Daily Management Review

Crude Pushed Up To Historic Highs By The Ukraine War


Crude Pushed Up To Historic Highs By The Ukraine War
The potential of a U.S. and European boycott on Russian exports, including oil and gas, as well as the delay of Iranian talks, pushed global crude oil prices to new highs on Monday. As the world markets confront a massive stagflation shock, these factors have caused oil prices to rise.
The Russian-Ukraine war shows no signs of abating, causing the euro to sink further, nearing parity with the safe-haven Swiss franc, and commodities of all types to rise.
Russia has called its invasion of Ukraine, which began on February 24, a "special military operation," and has claimed that it has no plans to seize the country.
Brent was last quoted $9.95 higher at $128.06, having risen 18 per cent in early trade, while US crude was up $8.35 to $124.03.
As a result of the increase, S&P 500 stock futures declined 1.3 per cent, while Nasdaq futures slid 1.7 per cent, acting as a levy on consumers and perhaps a blow to global economic development.

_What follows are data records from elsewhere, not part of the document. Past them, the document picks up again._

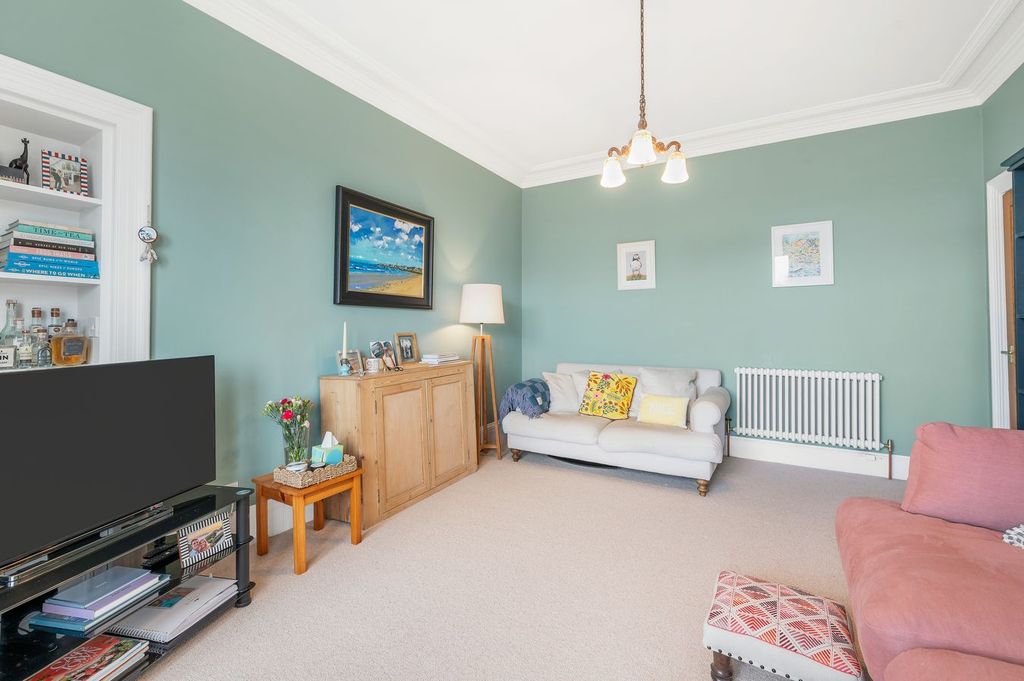 Property photo 3 of 44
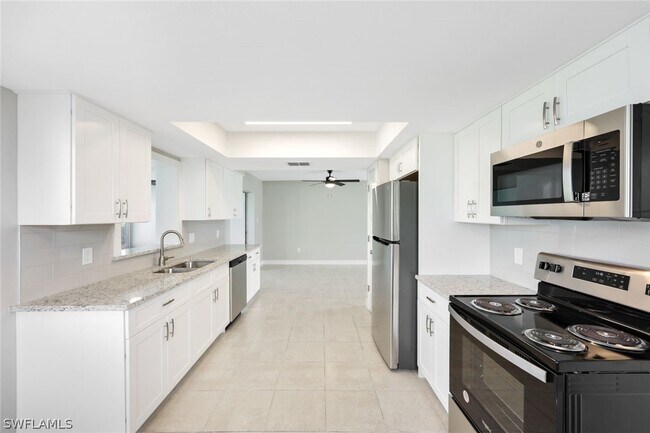 Building Photo - 4862 Regal Dr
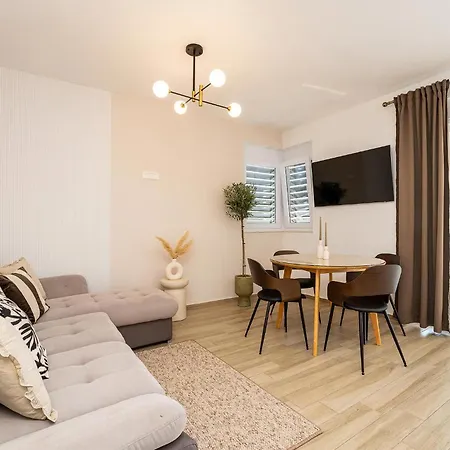 Apartman Awesome In With Wifi *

In the United States, ten-year bond rates have also plummeted to their lowest level since early January.
The EUROSTOXX 50 futures plummeted 3.0 per cent, while the FTSE futures sank 2.7 per cent.
The Nikkei 225 index of Japanese stocks sank 3.4 per cent to a 15-month low, while the MSCI Asia-Pacific shares index lost 2.4 per cent. Chinese blue chips sank 2.3 per cent in a wave of red engulfing Asian markets.
The potential of a US and European embargo on Russian oil lifted the price of Brent crude, which had climbed 21 per cent in the previous week.
"If the West cuts off most of Russia's energy exports it would be a major shock to global markets," said BofA chief economist Ethan Harris.
According to him, the loss of Russia's 5 million barrels may double oil prices to $200 per barrel, resulting in inferior global economic development.
And it's not just oil: commodity prices are off to their best start since 1915, according to the Bank of America. Last week, nickel surged by 19 per cent, aluminium by 15 per cent, zinc by 12 per cent, and copper by 8 per cent, while wheat futures increased by 60 per cent and maize by 15 per cent.
With annual growth in the US expected to hit a stratospheric 7.9 percent this week, and the core measure at 6.4 per cent, this will just add to the global inflationary pulse.
All of this complicates the European Central Bank's policy outlook when it meets this week.
"Given the potential for stagflation is very real, the ECB is likely to maintain maximum flexibility with its asset purchase program at 20 billion euros through Q2 and potentially beyond, thus effectively pushing out the timing of rate hikes," said Tapas Strickland, an economist at NAB.
"Higher CPI forecasts, though, mean rate hikes will be needed on the horizon."